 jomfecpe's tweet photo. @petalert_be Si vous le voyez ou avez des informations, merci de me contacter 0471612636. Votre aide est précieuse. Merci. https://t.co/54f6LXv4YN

* * *

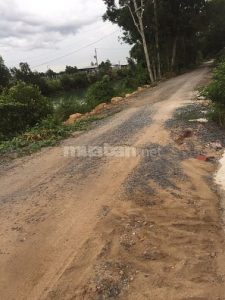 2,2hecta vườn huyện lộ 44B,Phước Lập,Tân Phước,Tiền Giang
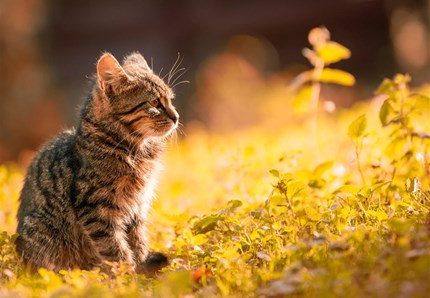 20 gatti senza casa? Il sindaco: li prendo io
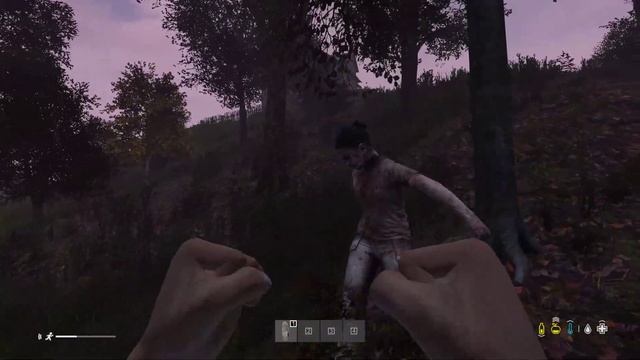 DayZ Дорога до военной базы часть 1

* PROBLEM STATEMENT
Starting at the line above that holds "20 gatti senza", repeat every line exactly down to and including the line that holds "DayZ Дорога до военной базы часть 1", then stop. Do not carry over any pictures.

* EXERCISE ANSWER
 20 gatti senza casa? Il sindaco: li prendo io
 DayZ Дорога до военной базы часть 1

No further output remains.